“Hair of labourer”
Japan: Its History, Traditions, and Religions (1880)
Men and women go uncovered both at home and abroad; the military are the only exception to this rule. To protect their heads from the sun, their large paper umbrellas or their fans are used. In the north, where the winters are often severe, they muffle up their heads in a cloth, so that only the nose and eyes are visible.
Japan, the Amoor, and the Pacific (1861)
Among the crowds in the streets [of Kobe] I was interested to meet a party of men who had their hair dressed after the old style. That is, it was closely shaved in front, and a small lock from the back being brought forward, was tied on the crown of the head. The object in old days was to leave them perfectly free to fight, but in the present day, even in the country, the practice seems almost extinct. Women, indeed, keep strictly to the old elaborate arrangement of their hair, though it is usually done only once or twice a week, or on grand occasions, the high wooden pillows on which they rest their necks at night keeping it in order meanwhile. Economy is the reason given for this, a full Japanese coiffure being impossible without the aid of a hair-dresser. A man will explain his wife’s unexpected absence from a party in this way: “My wife’s hair was dressed, but she was prevented from coming at the last moment.” Men have their hair cut short, in European fashion, and pig-tails are of course unknown in Japan, though this latter fact has evidently not penetrated into all the publishing world of England. It is only necessary to glance at the Christmas picture-books for children issued in 1892, and a selection may be found of most unnatural little Japanese, the original of whose lengthy pig-tails might be hunted for in vain within the limits of the Mikado’s Empire!
Japan As We Saw It (Bickersteth) (1893)
On riding up to the hotel we found that there had been a great influx of visitors, and were not long in discovering that a hairdresser was busily engaged exercising her functions on the heads of the ladies present. Though I was very tired, and my appetite uncommonly ravenous, I could not resist a desire to linger awhile at the doorway and watch this public operation. It was fortunate I did so, for I witnessed two different styles of hair-dressing, both equally elaborate and laborious, and made an exact memorandum of the various articles used during the whole process.
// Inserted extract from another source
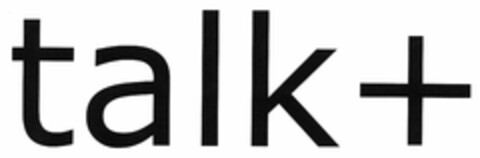 talk+ Logo (DPMA, 19.04.2005)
We counted no fewer than twenty-eight small combs, numbers of lengths of black thread, white ditto, black grease (made use of in order not to shew amid the jetty tresses), a thick kind of waxy-looking grease, applied in order to make the hair stiff, and thus more subservient to the will of the operator. Besides these were endless quantities of wire shapes, pads, and papers cut to sizes, all of which were in constant requisition.
The Japanese women have no parting in the centre, but a piece of hair immediately in front is divided off an inch and a half in breadth, the divisions on each side of this lock joining in the middle of the head, about half a finger length from the forehead. The hair for a small space behind this is always kept shaved, the front piece being tied immediately above the shaved part, and generally joined in with the back, though it is sometimes cut quite short after it is tied.
The hair at the back and sides is suffered to grow very long, separated off, then tied, and some portions dressed, all the rest being reunited and again divided, rolled over pads, round shapes, &c., in a manner too intricate to admit of any intelligible attempt at explanation. The mode most generally adopted, probably from being the least elaborate of all I saw, consists of a large bunch of hair on the crown of the head, the front dressed as usual, leaving but little hair immediately at the back. This bunch they decorate according to their means, station, or the toilette the occasion requires, invariably with some ornament or other, not unfrequently consisting of pins and beads, arranged in quite as inexplicable a manner as the head gear of the Chinese ladies. The mirrors they make use of are very primitive, made, not of glass, but of metal, polished bright as silver, the reverse side being ornamented with storks, flowers, and leaves in an artistic style.